McGartland at 208 n. 2, 413 A.2d at 1088 n. 2. As we have indicated, the referee, after finding that the claimant's injuries are permanent, concluded with respect to this issue:
[ 74 Pa. Commw. Page 673]
. Claimant has established by the preponderance of the evidence that the injury sustained by him in the accident in question has for all practical intents and purposes caused a loss to him of the use of his left hand.
We disagree with the Board's assertion that the referee's placement of the clause "for all intents and purposes" indicates a misapprehension of the applicable legal standard.

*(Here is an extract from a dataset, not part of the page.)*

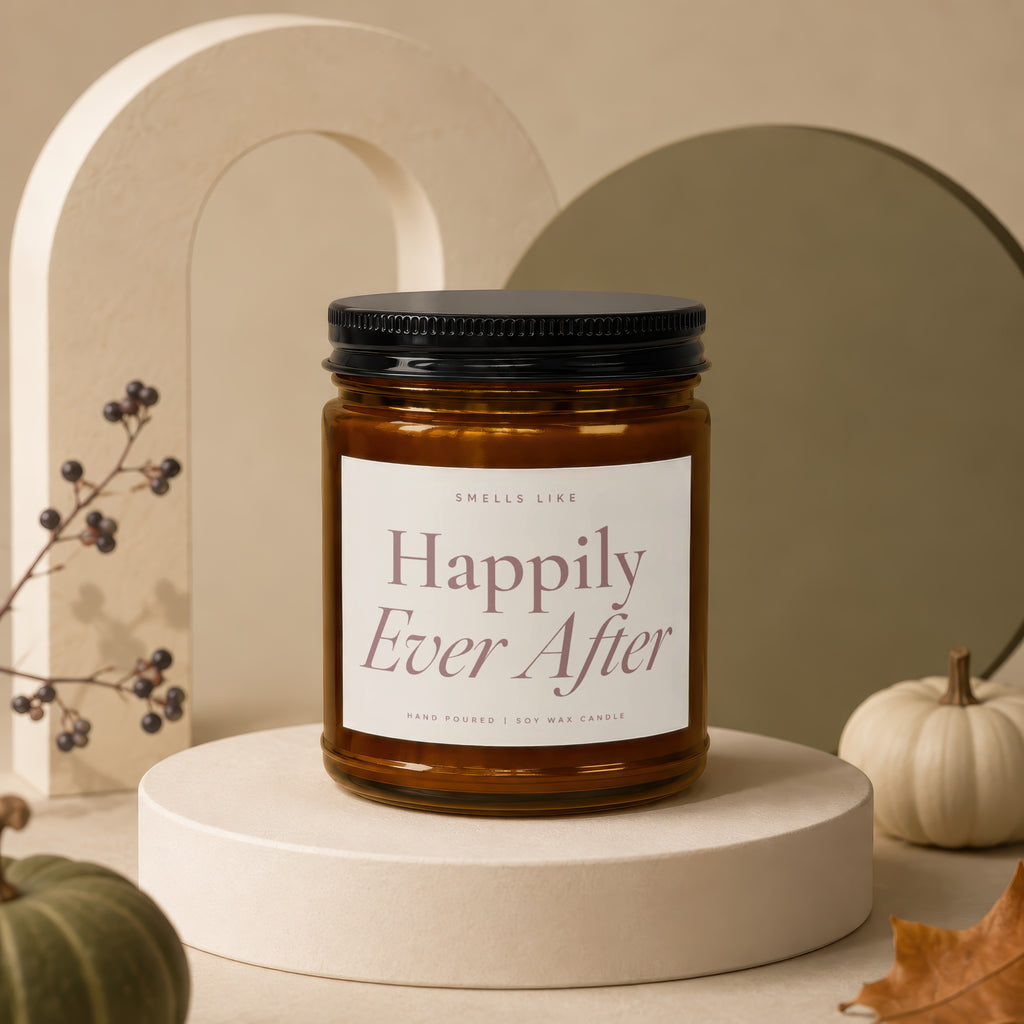 Amber glass candle labeled "Happily Ever After, Hand Poured | Soy Wax Candle".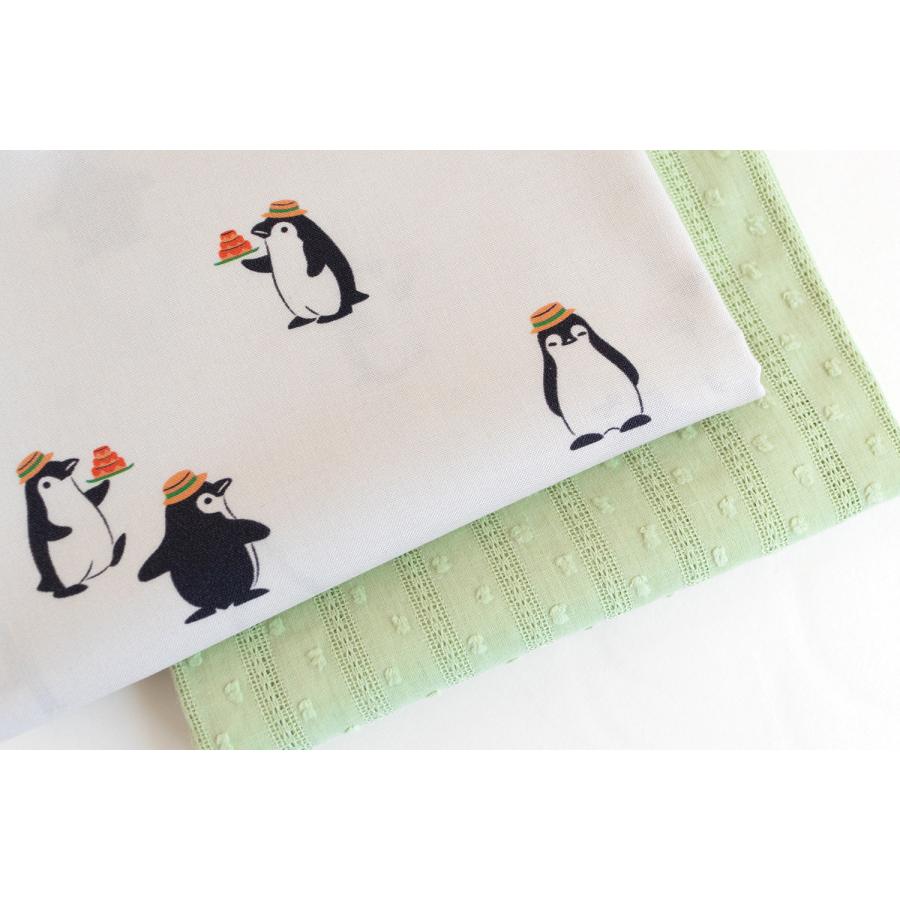 デコレクションズ 生地・布・入園入学≪おしゃれペンギン≫コットン/幅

It is our judgment that the referee's statement was correct, that it does not differ from the rule expressed in McGartland and other cases, and that the referee's conclusion that the claimant lost the use of his hand for all practical intents and purposes is supported by substantial evidence.
And Now, this 2nd day of May, 1983, the order of the above-captioned matter is reversed and the order of the referee awarding benefits is reinstated.
Reversed. Award of benefits reinstated.